Exercise brief
Using the data below, reproduce exactly the lines from the line with "My girlfriends’ grazing in the glow." to the line with "raw-soybean", both included; pictures must be dropped.

Data supplied
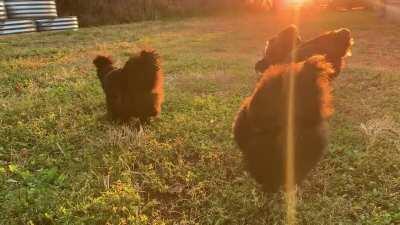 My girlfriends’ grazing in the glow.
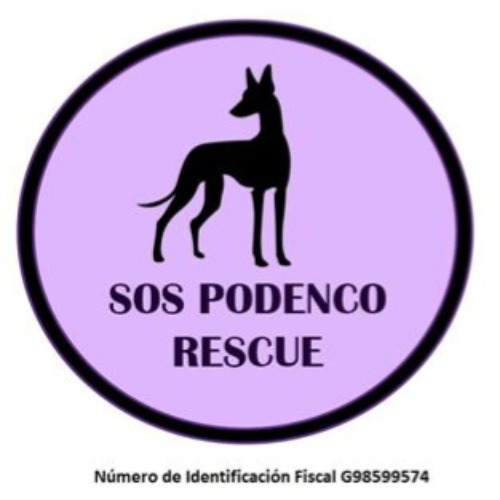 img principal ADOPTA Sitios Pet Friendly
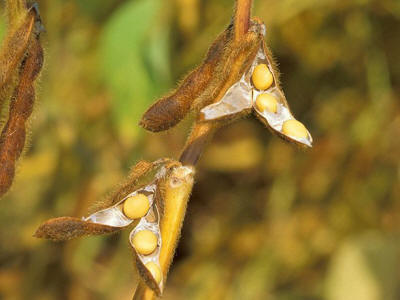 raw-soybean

--

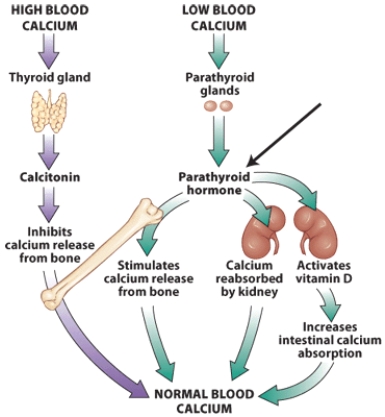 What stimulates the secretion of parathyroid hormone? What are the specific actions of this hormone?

--

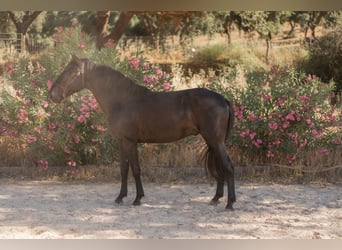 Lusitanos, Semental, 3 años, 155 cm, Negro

Exercise result
 My girlfriends’ grazing in the glow.
 img principal ADOPTA Sitios Pet Friendly
 raw-soybean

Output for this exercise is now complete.